Unlike most alternative process photographers Mr Mezzanotte is not content to replicate the appearance of 19th century images. When he began to do tintypes he wanted to repurpose the process to accommodate a vision that would have been impossible 150 years ago. At that time mimetic veracity as represented by photography was a profound revelation and the only qualities that seemed aesthetically and ideologically relevant in photographic imagery were ones that furthered that end. Many of the qualities that attract our admiration today, were seen at that time in a pejorative light.
While the techniques they use are 150 years old, the attitude of the work that Mezzanotte and Kurowski are doing is throughly modern. Mezzanotte the photographer, makes the aesthetic decisions while shooting the tintypes, while the painter, Ms Kurowski, has control when doing the over-painting. However collaborations are rarely that static, there is always a certain amount of give and take and that allows the work much of it’s vitality.
“I often create the masks that we use” Kurowski says, “I get an idea and build something out of copper or paper or whatever is around and bring it to the shoot with me. The purpose of the masks are to shield or distort the identity of the subject, this often also inspires new direction for the painting. When I finish a piece and show it to Thomas he’ll sometimes suggest that we reshoot and I add or subtract some elements or maybe go off in an entirely different direction. We each have ideas about how the other should do their job, this keeps the process engaging and allows for a natural, forward moving and ever-changing progression.”
Mezzanotte is an avid student of the history of photography yet he often sites literary references when pressed to explain the sources of his images. “My favorite author is the Argentinean Jorge Luis Borges. I find inspiration for my images in the ideas that reappear continually in his short stories and essays,” he says.
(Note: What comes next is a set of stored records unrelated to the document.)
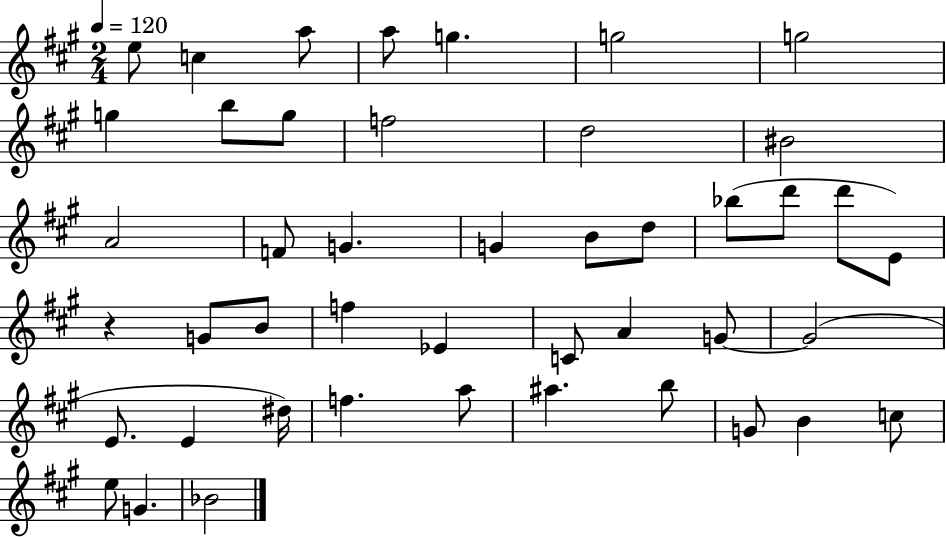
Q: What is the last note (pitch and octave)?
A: Bb4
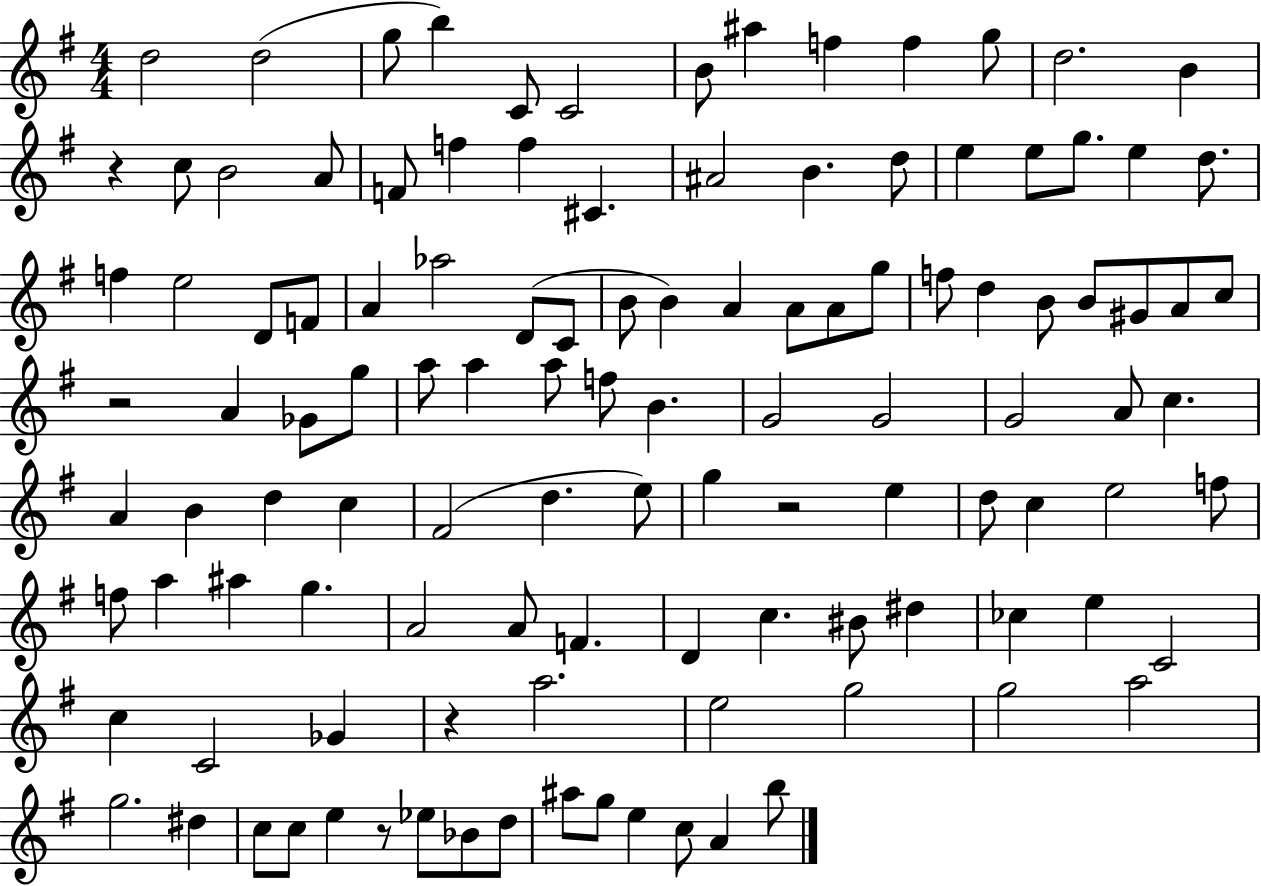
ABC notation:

X:1
T:Untitled
M:4/4
L:1/4
K:G
d2 d2 g/2 b C/2 C2 B/2 ^a f f g/2 d2 B z c/2 B2 A/2 F/2 f f ^C ^A2 B d/2 e e/2 g/2 e d/2 f e2 D/2 F/2 A _a2 D/2 C/2 B/2 B A A/2 A/2 g/2 f/2 d B/2 B/2 ^G/2 A/2 c/2 z2 A _G/2 g/2 a/2 a a/2 f/2 B G2 G2 G2 A/2 c A B d c ^F2 d e/2 g z2 e d/2 c e2 f/2 f/2 a ^a g A2 A/2 F D c ^B/2 ^d _c e C2 c C2 _G z a2 e2 g2 g2 a2 g2 ^d c/2 c/2 e z/2 _e/2 _B/2 d/2 ^a/2 g/2 e c/2 A b/2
Citing 20th century art movements, Ms Kurowski is influenced by cubism and surrealism in particular. She works spontaneously and intuitively allowing the photograph and the marks that are common to the wet plate process, to guide her approach to the individual pieces. “I let the process used to create the tintype and the photographic image itself inspire the painting. The original tintype represents itself to me as a chance occurrence. I consciously alter it until I achieve a level of completion satisfactory to our collaboration.”